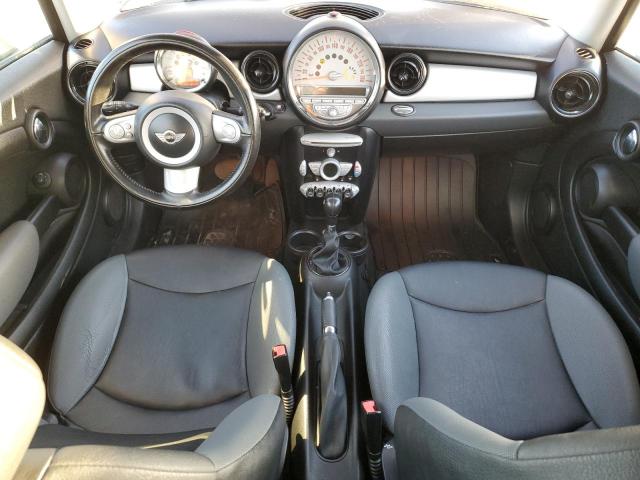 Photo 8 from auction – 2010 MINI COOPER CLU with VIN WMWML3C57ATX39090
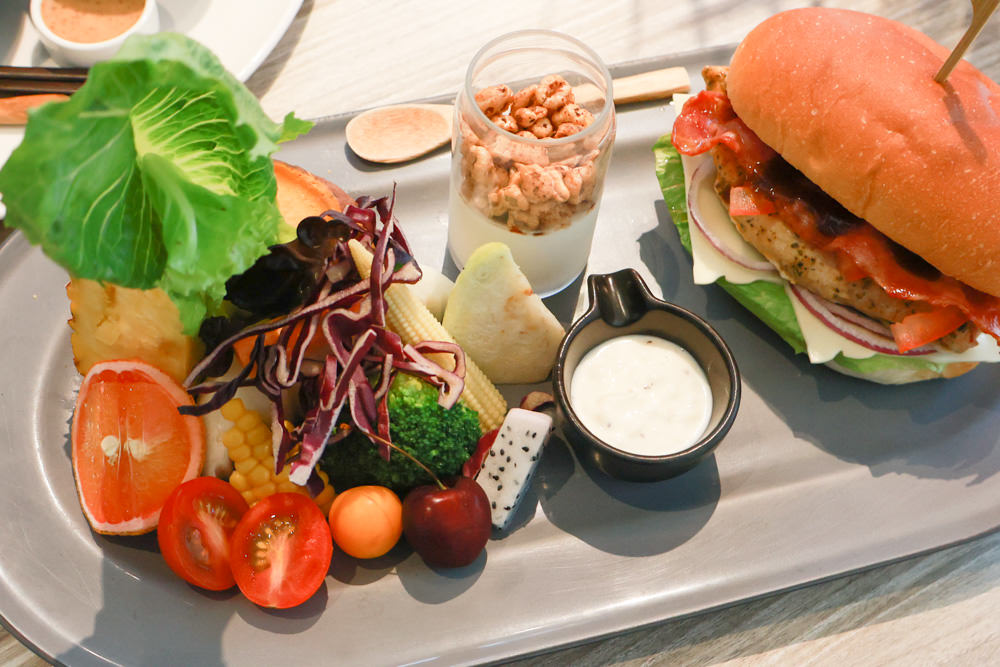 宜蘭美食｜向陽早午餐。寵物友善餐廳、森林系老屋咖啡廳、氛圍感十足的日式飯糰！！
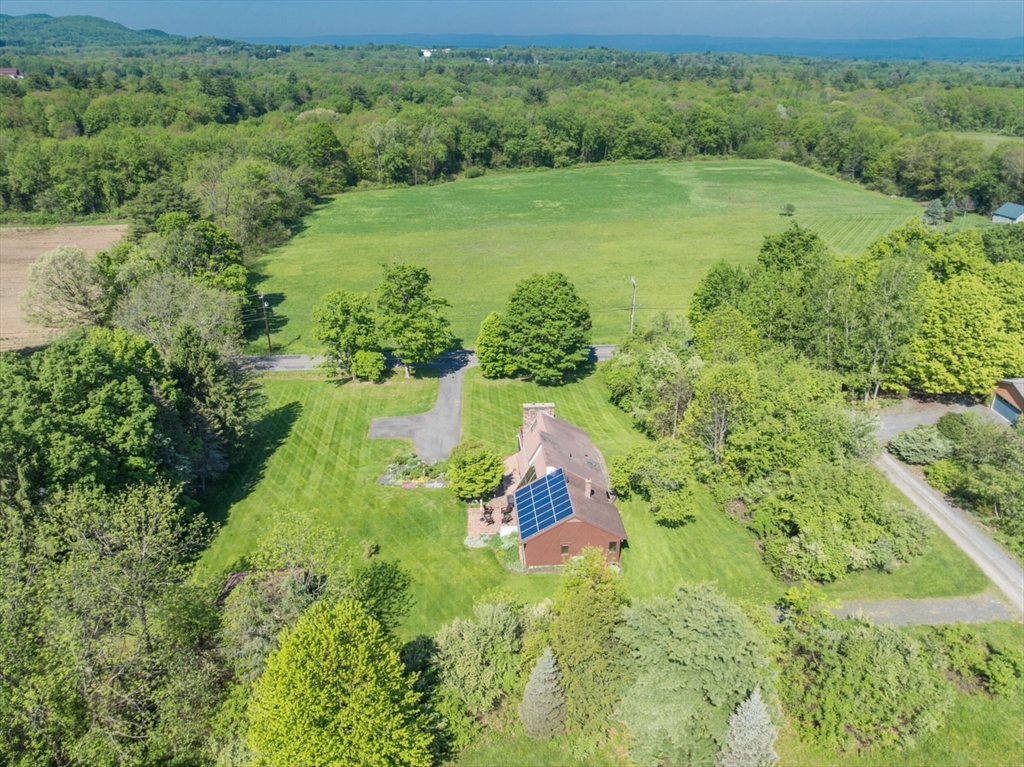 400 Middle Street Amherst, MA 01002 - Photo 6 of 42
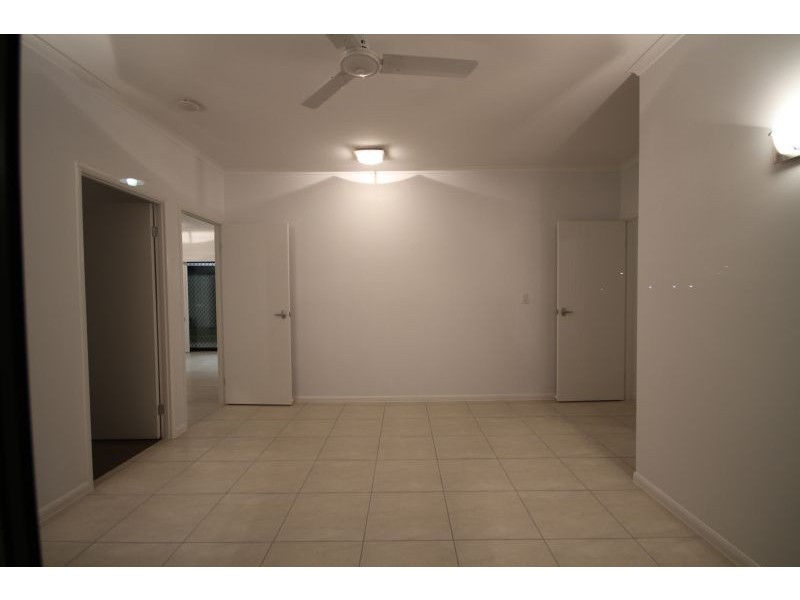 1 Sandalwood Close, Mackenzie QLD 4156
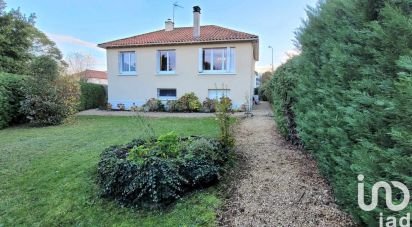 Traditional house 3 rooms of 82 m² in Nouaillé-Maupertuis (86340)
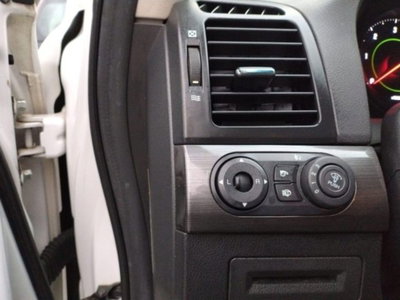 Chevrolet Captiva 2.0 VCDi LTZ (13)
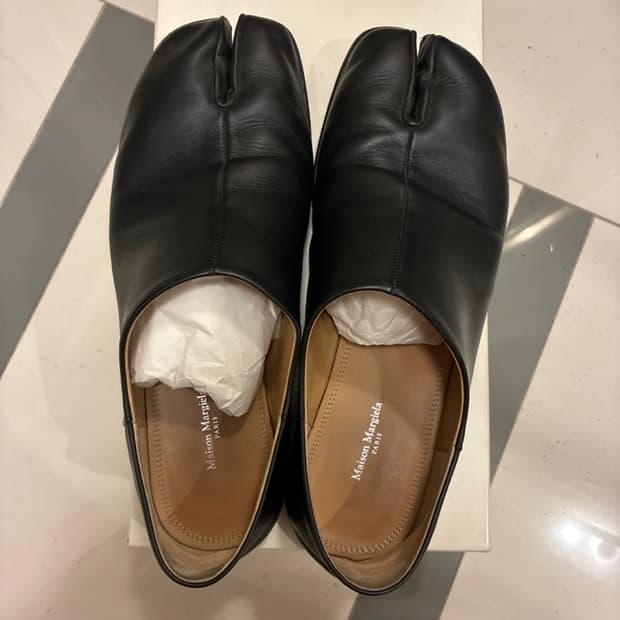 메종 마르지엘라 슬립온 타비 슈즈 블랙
◇ ◇ ◇
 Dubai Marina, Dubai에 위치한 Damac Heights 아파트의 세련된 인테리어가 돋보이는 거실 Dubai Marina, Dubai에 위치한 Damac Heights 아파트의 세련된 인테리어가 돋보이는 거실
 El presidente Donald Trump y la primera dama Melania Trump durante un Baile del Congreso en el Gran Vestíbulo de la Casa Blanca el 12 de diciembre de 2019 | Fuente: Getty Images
◇ ◇ ◇
--- ASSIGNMENT ---
A clean copy is needed of the lines above from the one with "Photo 8 from" up to and including the one with "메종 마르지엘라 슬립온 타비 슈즈 블랙". Please set it down exactly, with no pictures.

--- SOLUTION FOR THIS TASK ---
 Photo 8 from auction – 2010 MINI COOPER CLU with VIN WMWML3C57ATX39090
 宜蘭美食｜向陽早午餐。寵物友善餐廳、森林系老屋咖啡廳、氛圍感十足的日式飯糰！！
 400 Middle Street Amherst, MA 01002 - Photo 6 of 42
 1 Sandalwood Close, Mackenzie QLD 4156
 Traditional house 3 rooms of 82 m² in Nouaillé-Maupertuis (86340)
 Chevrolet Captiva 2.0 VCDi LTZ (13)
 메종 마르지엘라 슬립온 타비 슈즈 블랙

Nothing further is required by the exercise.